HIS DARK MATERIALS trilogy by Philip Pullman

I like Pullman's His Dark Materials trilogy so far (I'm about halfway through vol.2). The Subtle Knife, thus far, lacks the inventiveness and originality of The Golden Compass, but I'm still reading...The anti-theological satire seems more pronounced in book two, a trend which I hope continues, because Pullman has hit upon a fascinating idea for an alternate Earth: What would Europe look like if the Reformation had failed? No schism in Christendom, no Enlightenment, science referred to as 'experimental theology' and priestly spies posted to all science laboratories.

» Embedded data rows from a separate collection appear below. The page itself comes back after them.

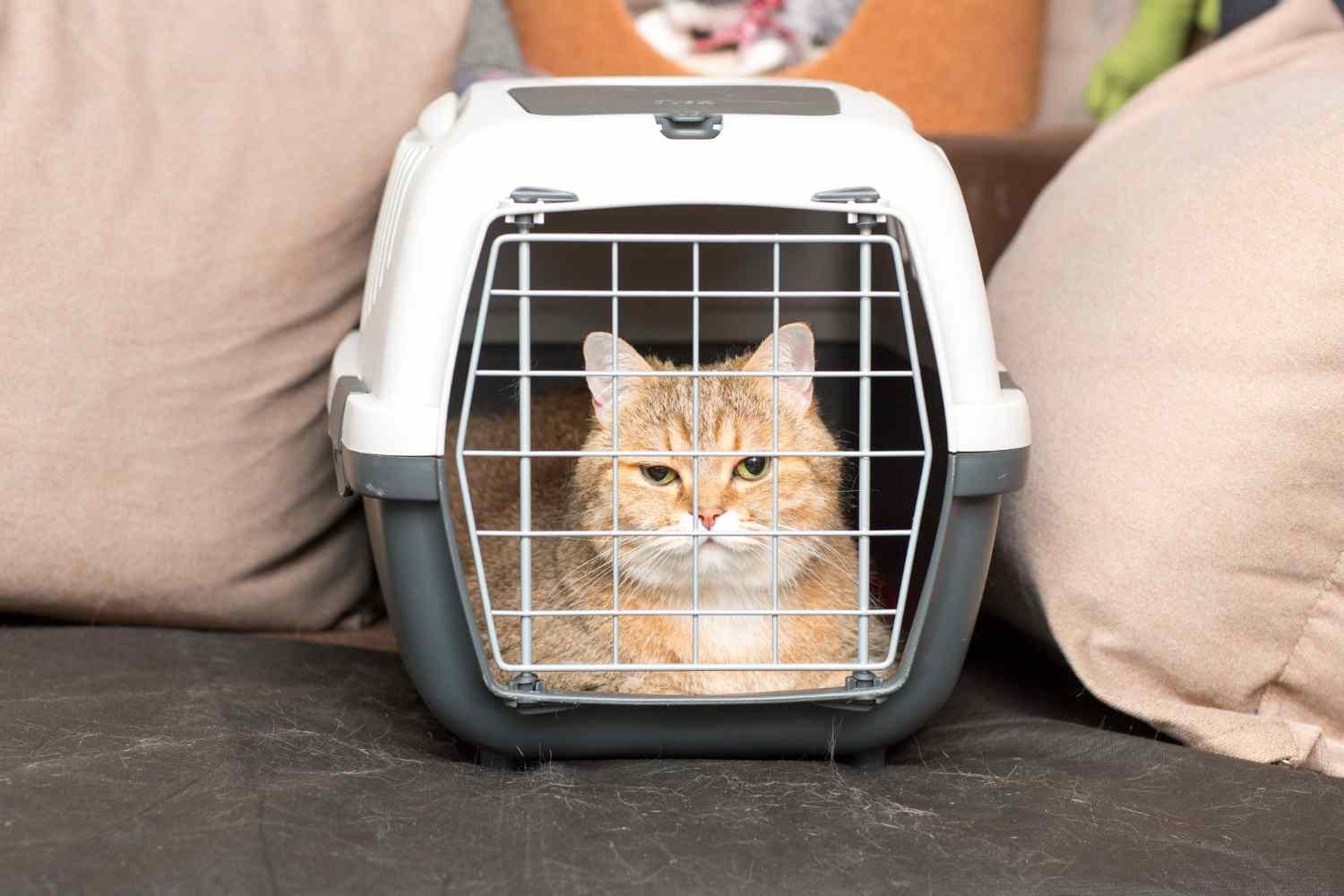 transport your cat to nternational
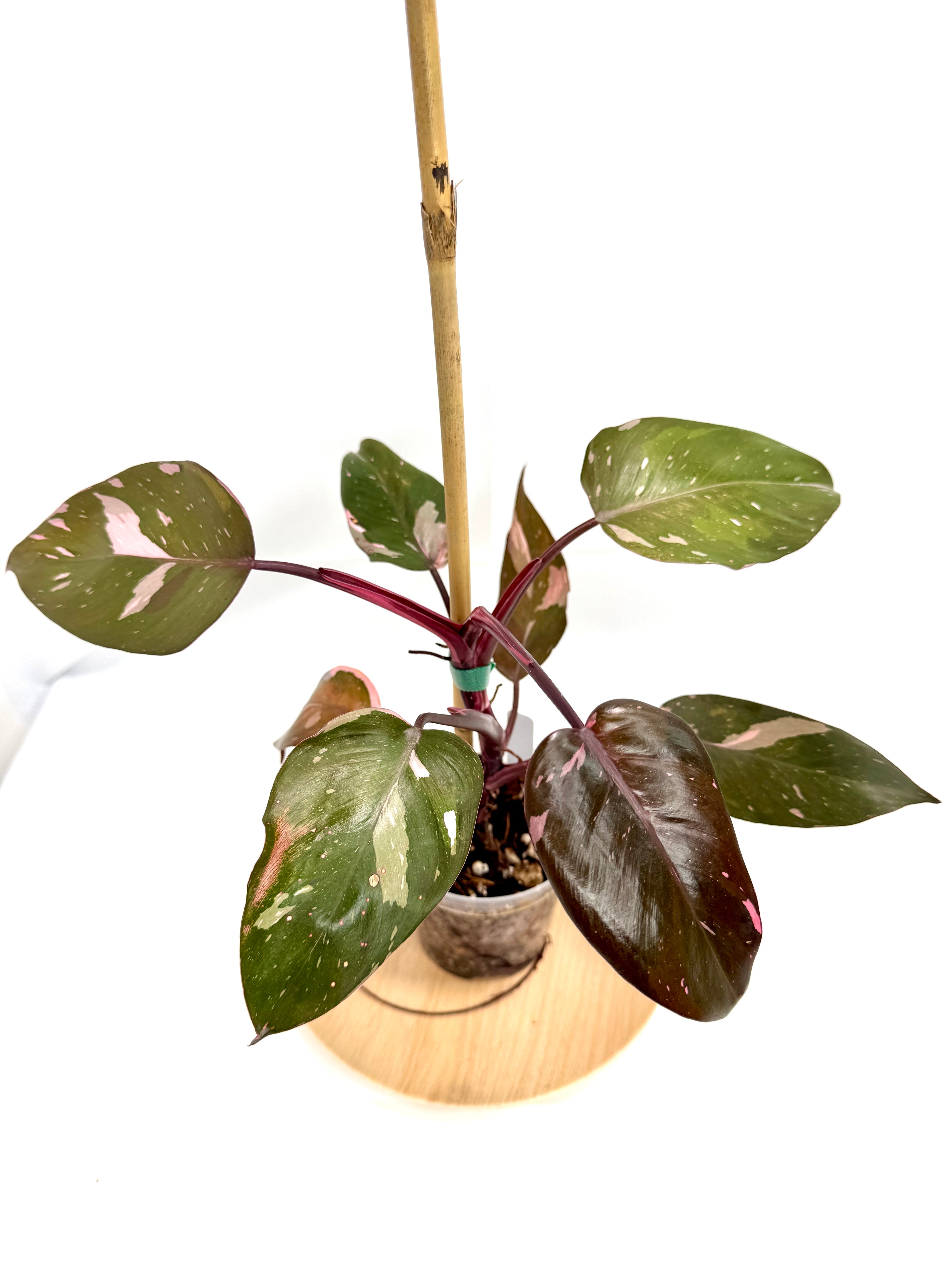 4” Philodendron ’Pink Princess’ #05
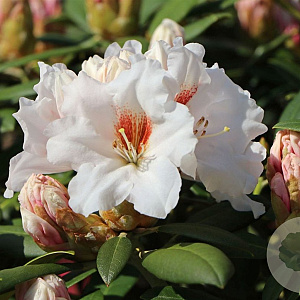 Rhododendron (Y) 'Bohlken's Snow Fire' 30 cm 5,0L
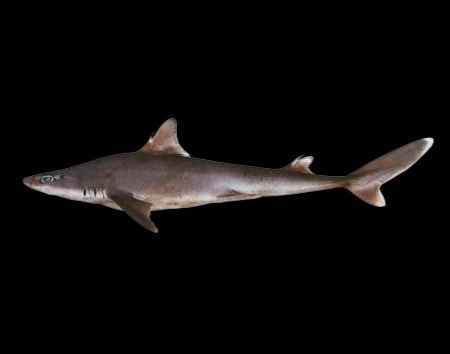 Squalus albifrons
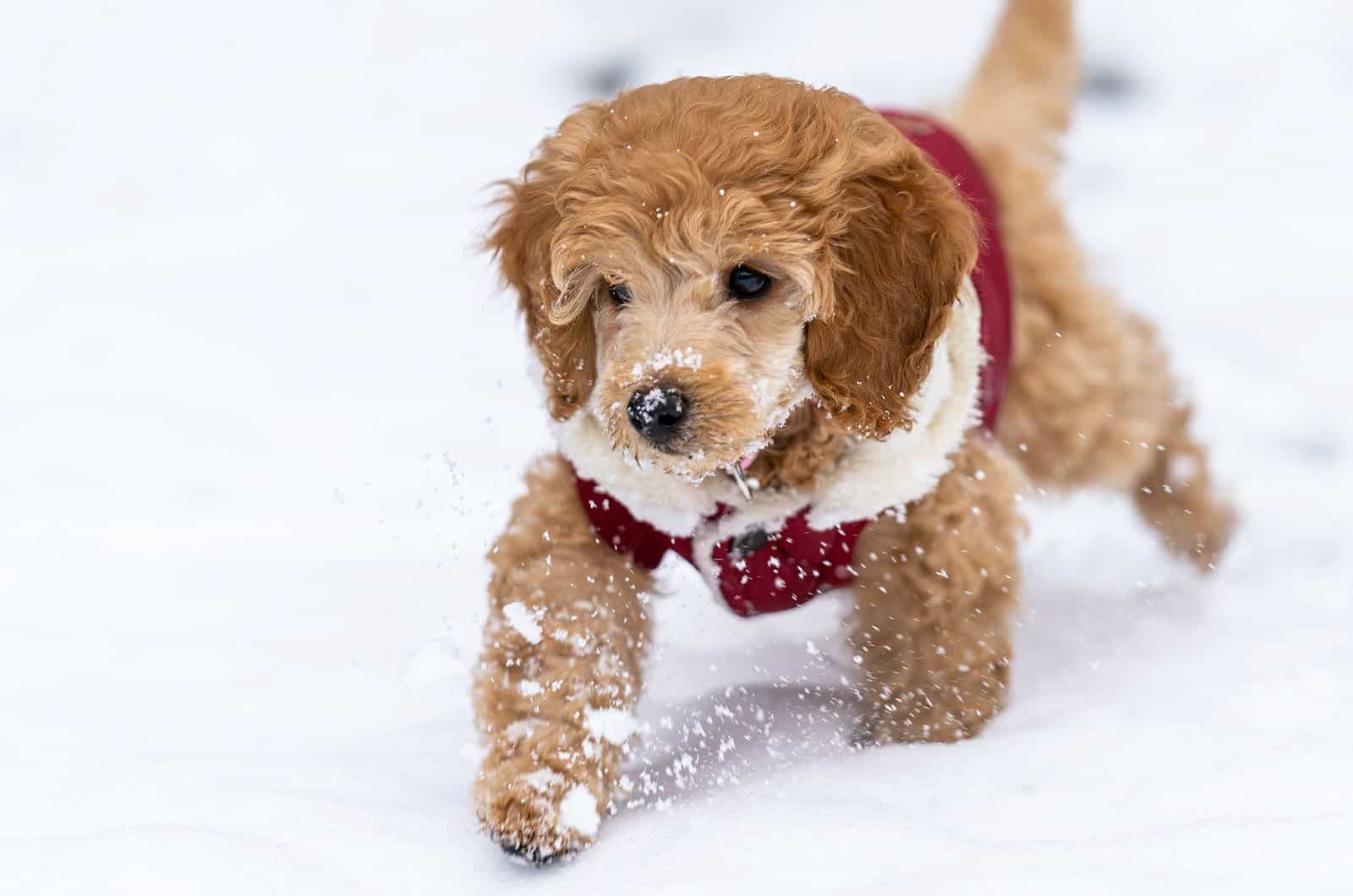 goldendoodle con disfraz en la nieve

This is all marvelous stuff, and Pullman handles it so subtly that only adults or attentive teens will pick up on it all.

[LATER]

Having just finished The Subtle Knife, I'm beginning to appreciate the Romantic audacity of Pullman's project. He is rewriting Paradise Lost in Nietzschean terms, imagining a story in which 'Adam' and 'Eve' bring about the death of God, destroy 'the Authority.' Magnificent. If he can pull this off, I will remove my hat and humbly eat it. This is a Romantic act worthy of his own daimonic Lord Asriel. Upon book three, The Amber Spyglass, rests the question of the success or failure of Pullman's Miltonic rebellion.

[EVEN LATER]

Well, Pullman didn't quite pull it off. The trilogy runs very well for most of its length, with few missteps, but then in the last third of The Amber Spyglass Pullman prematurely climaxes his most adventurous storyline, leaving the book to limp toward an anticlimactic, unsurprising denouement. A truly disappointing ending--and damn bad narrative construction. Until the last 100 pages, though, His Dark Materials is superior fantasy, illuminated by flashes of strong, strange greatness that lift it out of the genre bin and onto the literature shelf. Specifically, I'm thinking of the alethiometer and its interpretation, which can be interpreted as an allegory of reading; of the mulefa world, an invention worthy of Calvino; of the 'subtle knife' itself, a Borgesian space-time instrument that cuts like a moviola between different narrative worlds; of the very Borgesian concept of the possibly infinite number of parallel worlds; of Iofur Raknison's grand, gaudy, filth-strewn bear palace; of the dismal 'refugee camp' of the dead. This is all marvelous stuff--intelligent, literary fantasy at its best--and it's wonderful to think that kids and teenagers will read it and perhaps move on to investigate the works alluded to (Milton, Blake, Keats, etc.). Just as Jim Morrison led me to Blake many years ago, Philip Pullman might pull contemporary young people toward the canon. Harold Bloom's fulminations over Harry Potter's success seem overly curmudgeonly in light of the fact that some Harryheads will inevitably become Pullmaniacs and have their appetites whetted for the old books that inform Pullman's new ones. As a bonus, there's some biting anti-Christian satire in these books that simply delighted me.

2 comments:

julia schwartz said...

hi there, I stumbled upon this post- or should I say, fell through a window?. I agree quite a lot with your assessment. I loved the first 2 books and most of the third and then did feel let down by the end. I'm not sure what would have been better as I didn't want it to end at all. I want to add that I am a psychoanalyst and a painter. As an analyst, there is quite a lot in this series that works as metaphor for experiences of trauma- severed child, spectres; as metaphor for analysis itself- the method Lyra uses for reading the alethiometer; etc. I was working on a series of abstracted portraits ('bare subjects') while I was reading the books, and Pullman and his characters made their presence known; for some examples, you can go to my website at www.juliaschwartzart.com.
I am also so pleased to have been directed to your website and your blog; love many of the same books. love to view paintings in the same way. recently was moved to tears while viewing at length a single Martin Kippenberger at MOCA in L.A. where I live, that opened a door (or a window?) to a new body of work. this is not yet on the website, still in process wet paint images on facebook page if you're interested... thanks, julia

BRIAN OARD said...

Julia,

Thanks for the interesting comment. Your remarks on the psychoanalytic interpretation of some elements in the series show me that it's an even richer imaginative creation than I had realized. Even though Pullman might have constructed the last part of book three a bit better, the good in these books heavily outweighs the bad.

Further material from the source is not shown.